In the city, the population was spread out, with 22.3% under the age of 18, 7.0% from 18 to 24, 25.6% from 25 to 44, 24.4% from 45 to 64, and 20.7% who were 65 years of age or older. The median age was 42 years. For every 100 females, there were 93.2 males. For every 100 females age 18 and over, there were 88.7 males.

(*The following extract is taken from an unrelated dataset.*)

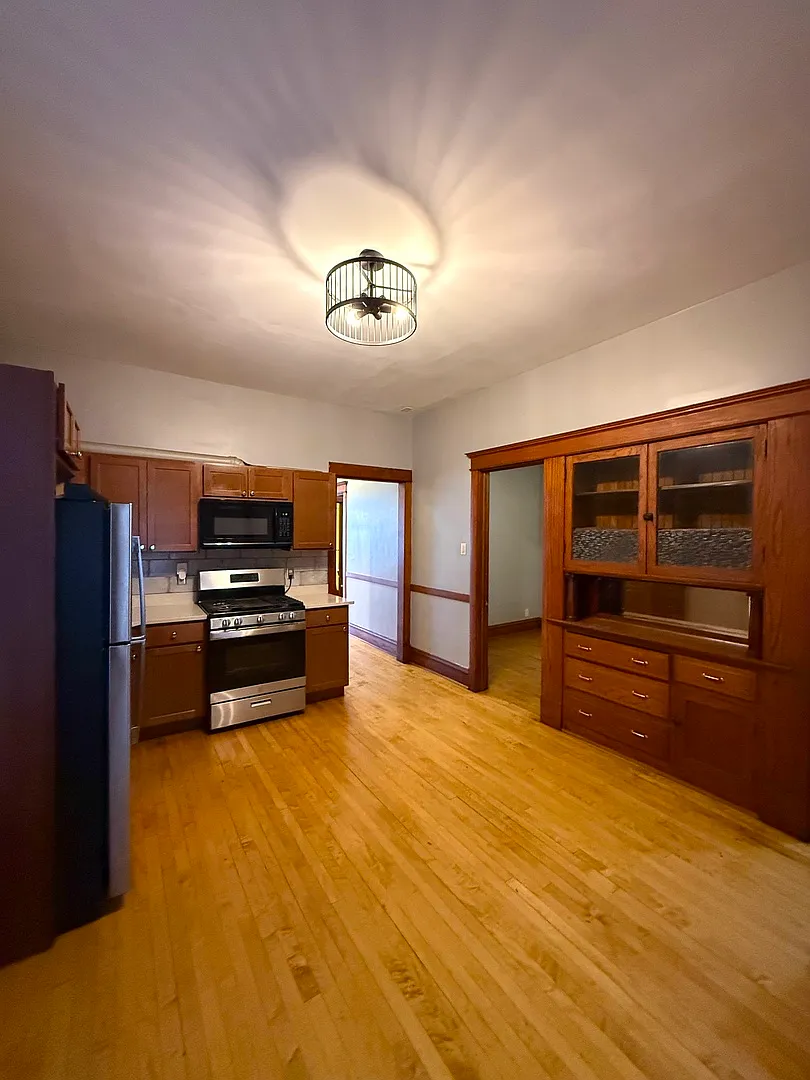2 bed, 1100 sqft, $1,385 — Photo 4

The median income for a household in the city was $35,950, and the median income for a family was $45,536. Males had a median income of $32,361 versus $24,327 for females. The per capita income for the city was $17,958. About 6.6% of families and 10.6% of the population were below the poverty line, including 9.8% of those under age 18 and 11.4% of those age 65 or over.
==Education==
Waterville-Elysian-Morristown School District 2143 operates public schools.

==Notable people==
- Major A. B. Rogers (1829–1889), railway surveyor who discovered Rogers Pass in British Columbia, Canada. The railway surveyor was not originally from Waterville, but lived there at the end of his life.
- Artist Adolf Dehn was born in Waterville, Minnesota, November 22, 1895, and he died in New York City, May 19, 1968. Two-time recipient of the Guggenheim Fellowship, Dehn was one of the most notable lithographers of the 20th century.